I was reading in Matthew 21 this morning, about Jesus' entry into Jerusalem right before his crucifixion. He is in the temple healing people--restoring health and wholeness, performing miracle after miracle of physical restoration. Imagine what the healed and their families must have felt: Relief, euphoria, joy, happiness, disbelief. . . Imagine what it might feel like to, for the first time, walk independently (or at all), hear a loved one's voice, see your child's face, be free from pain. Participating in such celebration would be overwhelmingly joyful and happy and good. Unless you were a Pharisee:
And the blind and the lame came to him in the temple, and he healed them.
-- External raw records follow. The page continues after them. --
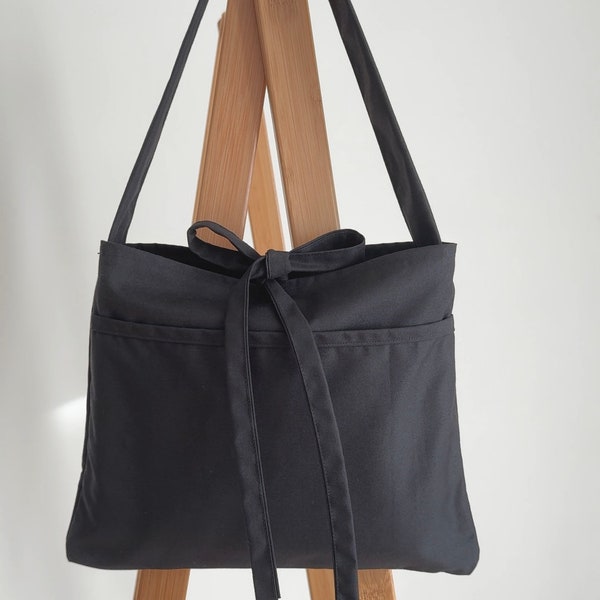 Petit sac fourre-tout noir fait main avec fermeture à nœud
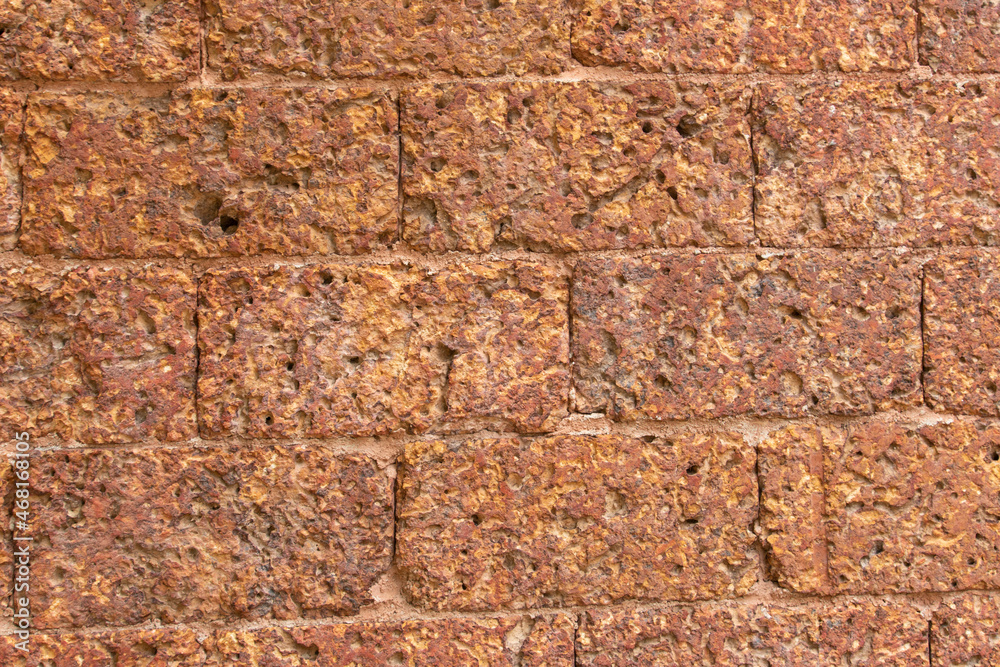 blur of red laterite brick wall Porous and fine-grained Background pattern blur of red laterite brick wall Porous and fine-grained Background pattern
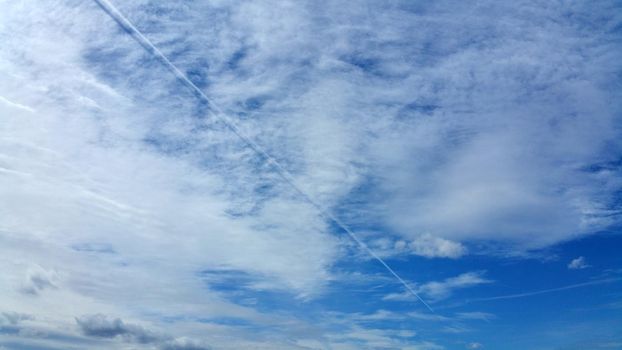 White clouds on the blue sky background. Panoramic photo.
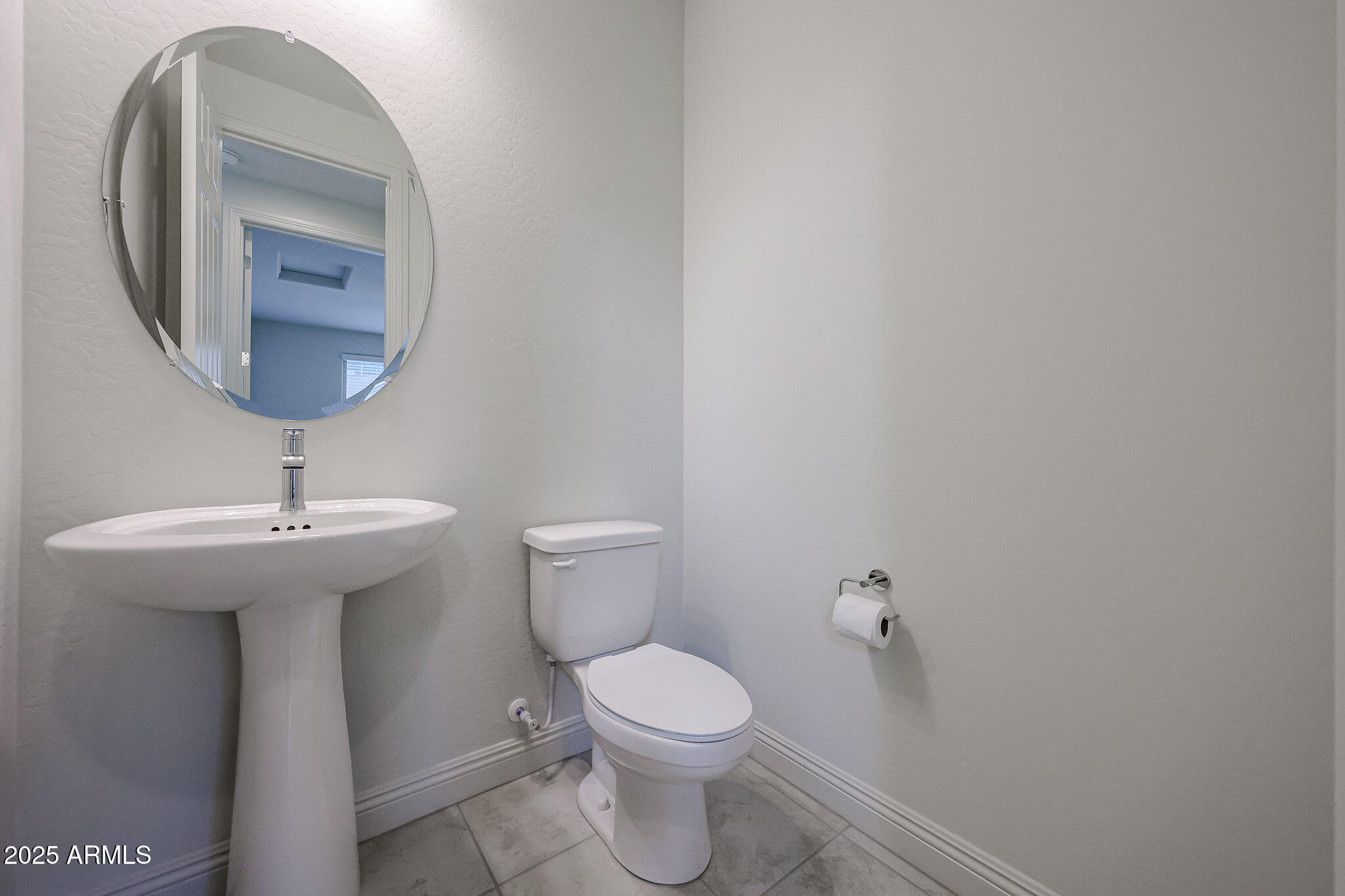 7072 West Oberlin Way Peoria, AZ 85383 - Photo 9 of 24 a bathroom with a toilet a sink and mirror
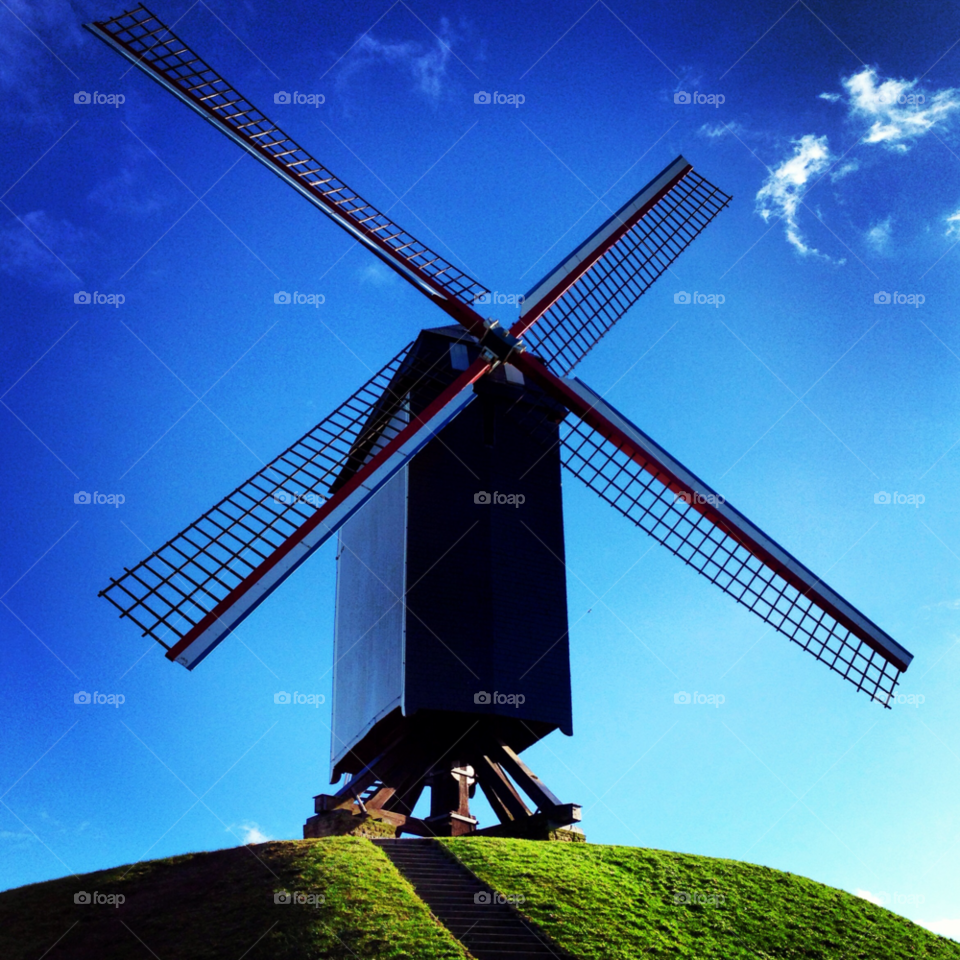 sky blue bruges windmill by mbambino
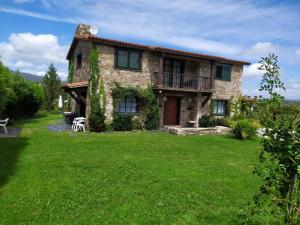 una casa de piedra con un césped verde delante de ella en Camiño da Vieira, en Padrón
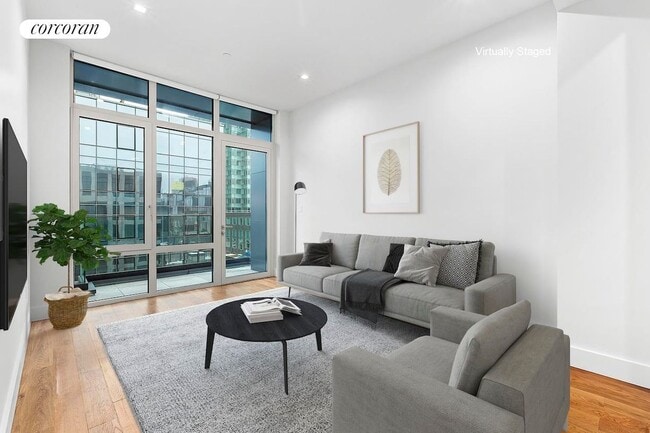 Building Photo - 21-59 44th Drive 2C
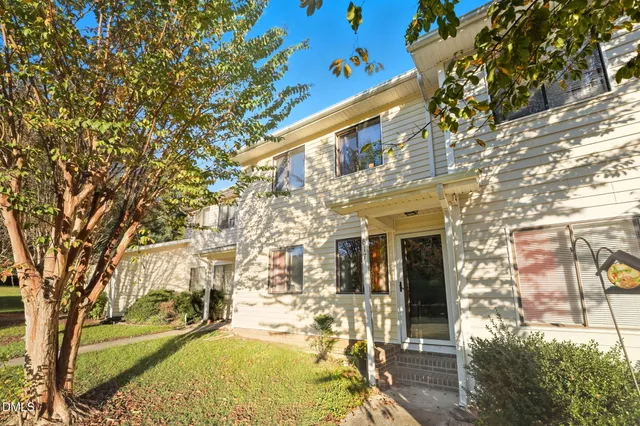 a view of a building with a tree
But when the chief priests and the scribes saw the wonderful things that he did, and the children crying out in the temple, “Hosanna to the Son of David!” they were indignant, and they said to him, “Do you hear what these are saying?” And Jesus said to them, “Yes; have you never read, “‘Out of the mouth of infants and nursing babies you have prepared praise’?” (Matthew 21: 14-16)C'mon. They are in the middle of people being made whole and they are indignant? Why? Probably for a lot of reasons. Maybe they were really upset that the children were calling Jesus the Son of David (the Messiah) when they weren't sure He actually was. However, Jesus was fulfilling signs that the priests should have recognized (Isaiah 35:5-6, Isaiah 42:7). Most of them, I bet, though, were upset for much less noble reasons. Jesus was disturbing the order of the temple. He was daring to put himself forward and mess up the order and flow of temple business. He was stealing their limelight. He wasn't playing by the rules and following the protocol. All they could see was that Jesus was not acting according to their plan. So they reacted with indignation.
I'm not a stranger to indignation, which exhibits itself in this decade as attitude. I get attitude when things are not going according to my plan, not happening in the way I envisioned, or are making me uncomfortable. Would I miss the joy in a room of healing because I was that upset about my plan? I hope not, but I might. In a similar situation, after seeing Jesus eating with tax collectors and sinners, the Pharisees (for sure the REAL Pharisees in this passage) criticize Jesus to His disciples, and Jesus responds by telling them that they need to learn what it means that He desires mercy and not sacrifice (Matthew 9:13).
I need to learn what that means. I do not want to find myself in a room where Jesus is at work and have my prevailing emotion be indignation. I want it to be awe, or joy, or gratitude. Thank God for the gospel's power in my life, which transforms my Pharisee's heart into a merciful and grace-filled one. I just wish it would happen a little bit faster.